My 2.85 year old nephew came to town last week and in between toy car races, parks and playgrounds, and spinning around (literally), I had the opportunity to watch a lot of modern children’s television.
Oh, my, goodness…. LAZY TOWN!
Have you seen this show? I swear, if I was still in college and into “mind-altering experiences”, this is precisely the kind of a get-high-and-giggle-with-my-stoner-friends show I would tape and watch over and over again.
From the official show site:
Stephanie comes to LazyTown from the outside world and meets a zany mix of kids and grownups, including the world?¢?Ç¨?Ñ¢s laziest super-villain, Robbie Rotten. Fortunately for Stephanie, LazyTown is also home to Sportacus, an athletic super-hero who jumps, leaps and flips his way across LazyTown while helping Stephanie navigate between healthy lifestyle choices and easy but unhealthy ones.
Sportacus has this bizarre super-straight and pointy mustache and a downright disturbing, very unusual, and almost undecipherable accent (Icelandic.. once I learned that, I definitely could hear the Bjork in it).

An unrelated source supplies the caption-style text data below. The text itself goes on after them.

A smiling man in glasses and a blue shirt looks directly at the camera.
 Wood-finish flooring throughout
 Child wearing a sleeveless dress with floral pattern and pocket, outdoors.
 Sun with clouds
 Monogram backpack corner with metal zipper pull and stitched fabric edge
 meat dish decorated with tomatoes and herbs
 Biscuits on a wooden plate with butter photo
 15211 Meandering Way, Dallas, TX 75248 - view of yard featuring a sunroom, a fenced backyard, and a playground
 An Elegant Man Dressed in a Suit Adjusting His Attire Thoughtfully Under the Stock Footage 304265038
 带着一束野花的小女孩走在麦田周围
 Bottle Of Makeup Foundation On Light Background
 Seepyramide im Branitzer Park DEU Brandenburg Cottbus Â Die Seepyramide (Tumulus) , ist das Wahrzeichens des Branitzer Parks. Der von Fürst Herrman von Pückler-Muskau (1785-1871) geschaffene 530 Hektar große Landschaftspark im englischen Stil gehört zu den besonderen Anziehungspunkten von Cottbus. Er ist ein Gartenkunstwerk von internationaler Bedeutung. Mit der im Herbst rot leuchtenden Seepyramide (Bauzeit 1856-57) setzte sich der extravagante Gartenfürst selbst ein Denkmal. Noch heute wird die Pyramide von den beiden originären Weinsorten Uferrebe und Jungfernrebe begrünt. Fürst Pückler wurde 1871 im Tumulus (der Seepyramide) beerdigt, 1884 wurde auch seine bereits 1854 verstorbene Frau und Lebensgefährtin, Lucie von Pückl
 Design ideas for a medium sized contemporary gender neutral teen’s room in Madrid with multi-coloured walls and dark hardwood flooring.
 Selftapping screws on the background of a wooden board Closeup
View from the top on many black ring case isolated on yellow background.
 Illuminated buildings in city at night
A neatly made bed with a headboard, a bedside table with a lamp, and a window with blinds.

Apparently the guy that plays this character is really a world class athelete who created this entire concept in a noble effort to get kids up and moving around (in fact, they are encouraged to dance along during the musical numbers).
Ah, yes… the musical numbers. This would be the part of the show where the bong and I would become very close friends…
Imagine a mid-nineties techno tune backing up healthy-lifestyle-inspiring lyrics sung by a 13-year-old girl using that really obvious voice-shifting/modulating thing they do to cover up talentless acts like Britanny Spears or an ever-aging Cher that makes them sound like robots with a range of, say, 5 tones.
This is over quick, MTV camera cuts to various puppets and live-action characters involved in wacky and impossible stunts that call to mind some of Terry Gilliam’s weirder stuff.
Stephanie is this incredibly adorable little girl dressed in a very pink ensemble straight out of the Cosplay-For-the-Especially-Obscure manual…
One thing I noticed about her is that she was a really good dancer for a child of that age (sure enough, the actress has had tons of Broadway and professional dance experience)… It’s really fun watching her throughout the show over-react to every little moment with facial expressions that befit a seasoned performer projecting to the highest of balcony seats in the grandest 6000-seat theatre; while cute, they have a tendancy to come across as seizures on the small screen.
Robbie Rotton, the bad guy, takes his acting instruction from the pages of the Jim Carrey School of Subtlety… and then he kicks it up a notch. His hair and makeup (and very uncomfortable-looking and tight outfits) have that artificial sheen that people with way too much cosmetic “alterations” and excessive tanning achieve. I still can’t tell if that chin is real or not.
He really is somewhat creepy; not as a character, but just thinking about the actor that plays him… shudder… Weird accent too, and over the top villian action.
Yes, I understand this is a show for children, so I know it needs to be obvious.
Despite all the bluntness, this is actually a really fun and uplifting show to watch; they definitely throw in enough one-liners that fly over the kids’ heads for adults to remain interested.
It’s being tivo’d, so let that be an endorsement.